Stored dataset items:
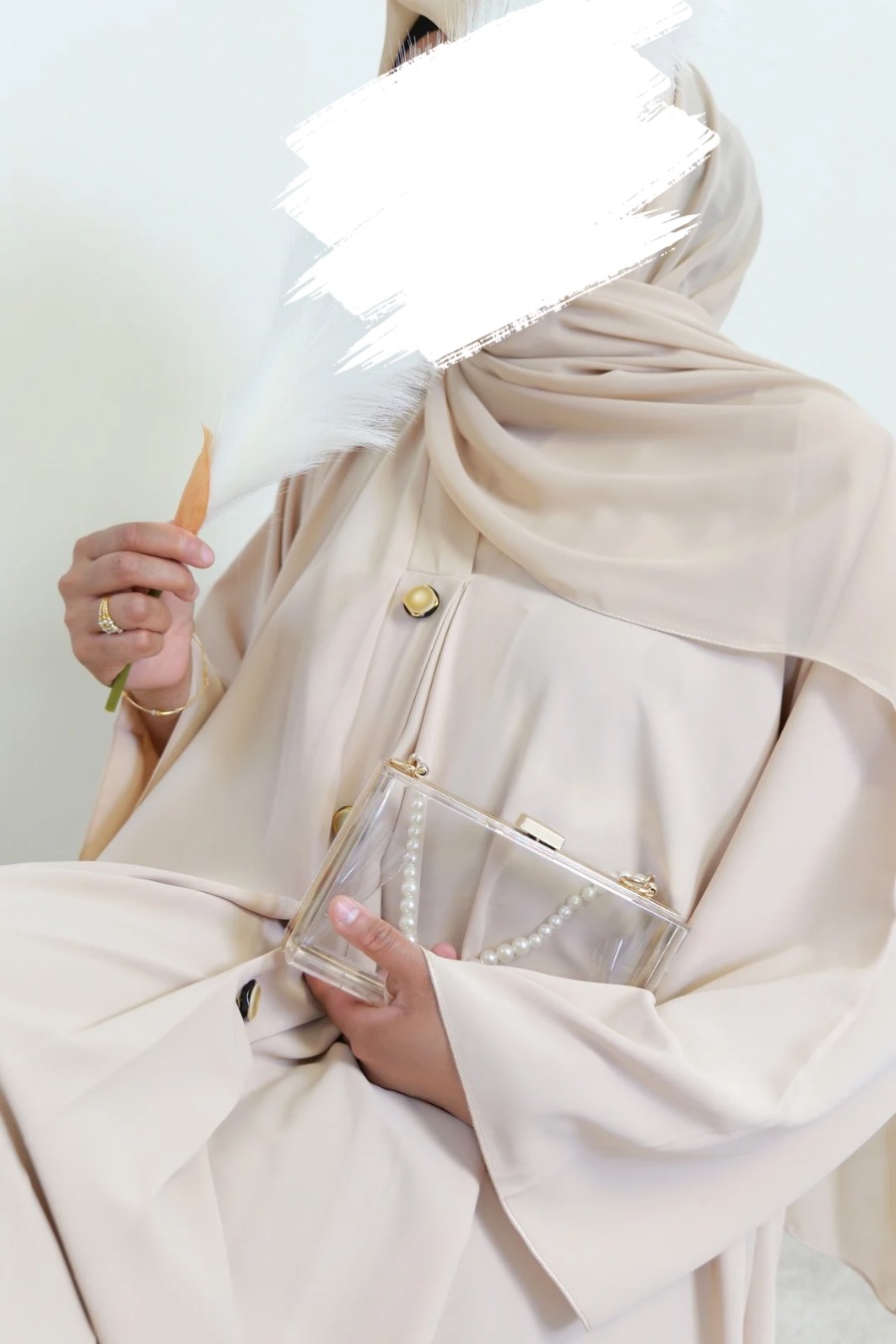 Naya Daily Hubb Abaya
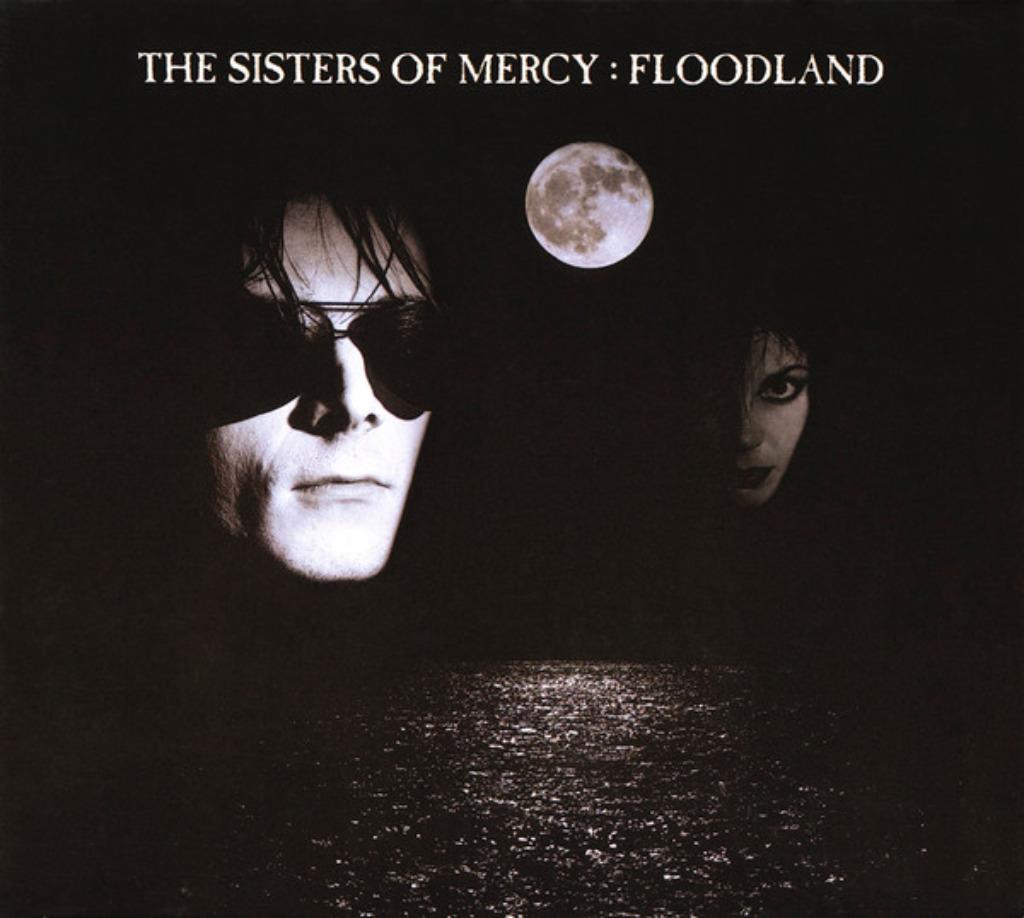 cd new: THE SISTERS OF MERCY - Floodland (1987 - v2006), Ophalen of Verzenden, Nieuw in verpakking, Alternative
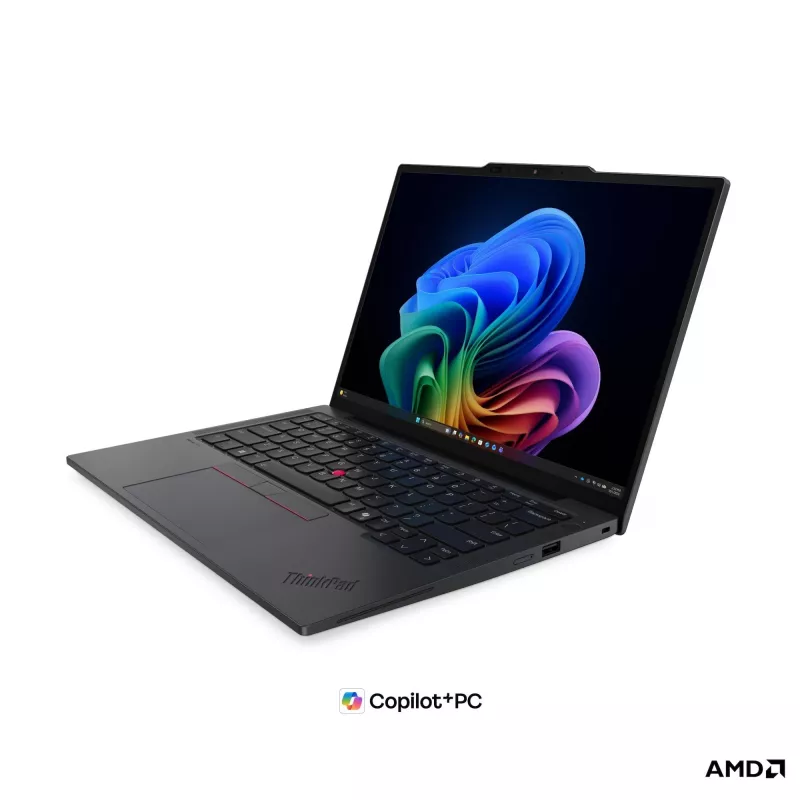 Lenovo X13 Gen 7 nešiojamasis kompiuteris – AMD Ryzen 7 450, 32GB RAM, 512GB SSD, Windows 11 Pro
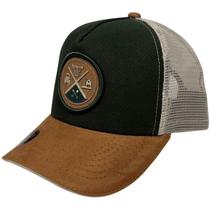 Boné Infantil Masculino Country Tecido 6 Gomos Bordado Top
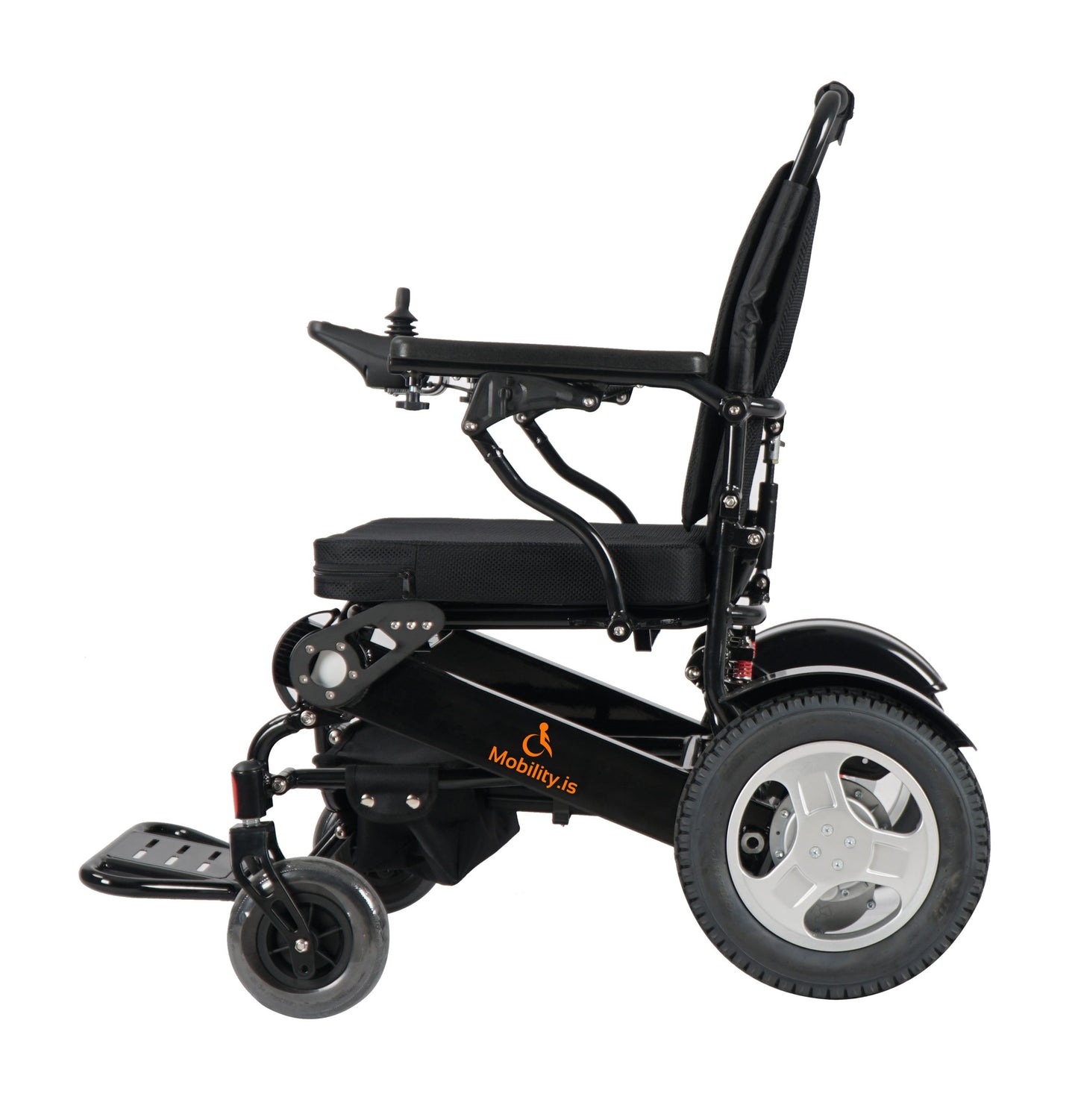 Leiga á ferða rafmagns- hjólastól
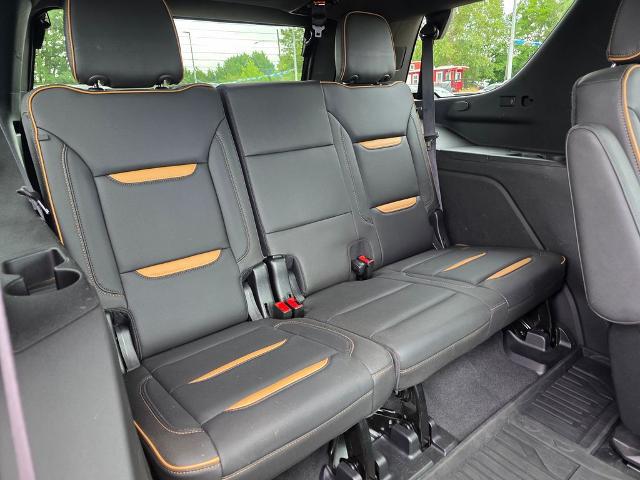2021 GMC Yukon 4WD AT4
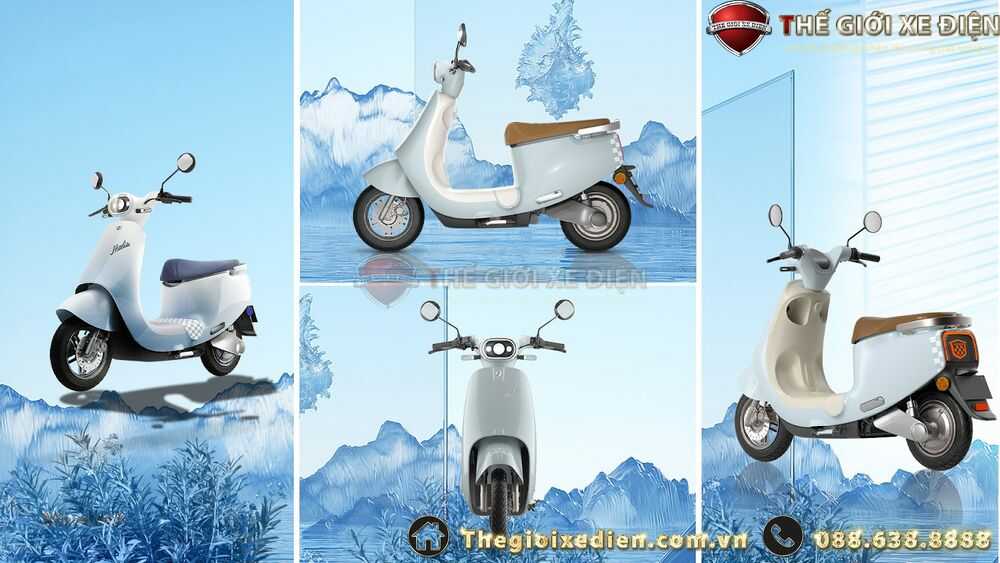 Bảng giá xe điện DK Bike 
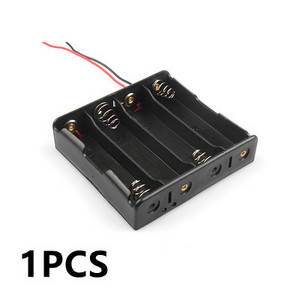 LOT 18650 držač kutije za baterije 2/3/4 serije litijskih baterija i paralelno s linijskim usb sučeljem napajanja bankom napajanja DC bez zavarivanja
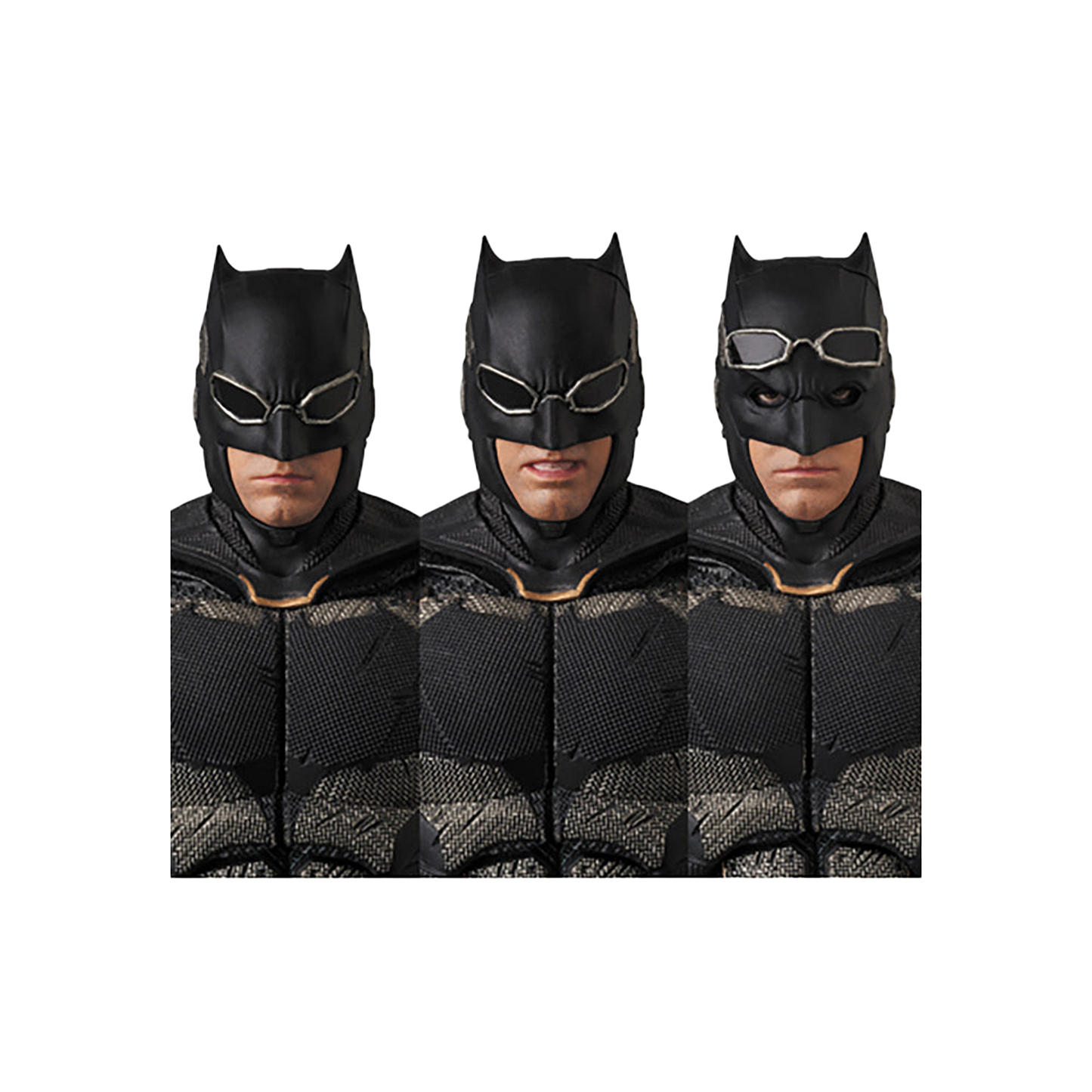MAFEX BATMAN TACTICAL SUIT Ver.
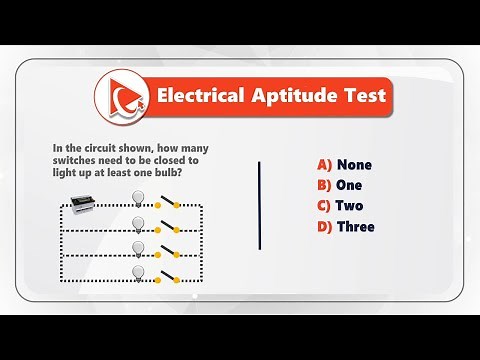 How to Pass an Electrical Aptitude Test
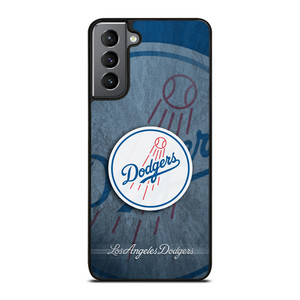 LA DODGERS LOGO MLB 2 Samsung Galaxy S21 Plus Case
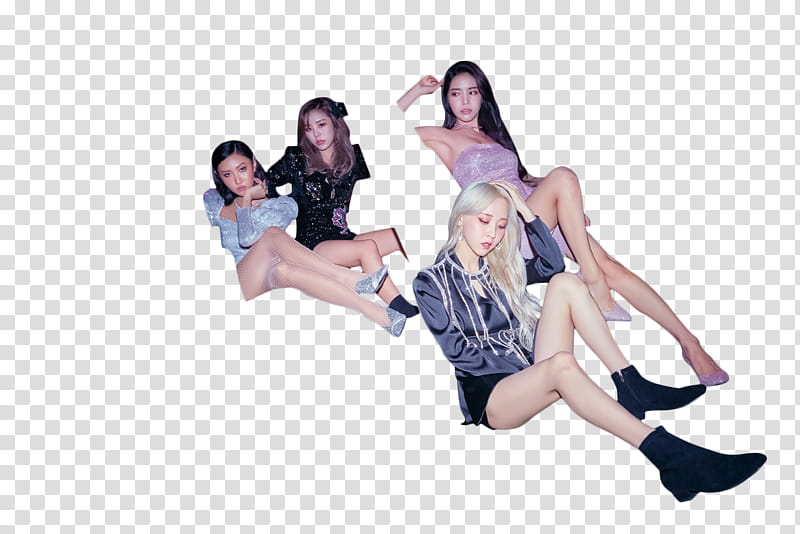 MAMAMOO WHITE WIND transparent background PNG clipart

● WORK REQUIRED
Begin at the line containing "LA DODGERS LOGO" and stop at the last line of the data. Repeat only those lines, exactly, and leave out the pictures.

● PROBLEM SOLUTION
 LA DODGERS LOGO MLB 2 Samsung Galaxy S21 Plus Case
 MAMAMOO WHITE WIND transparent background PNG clipart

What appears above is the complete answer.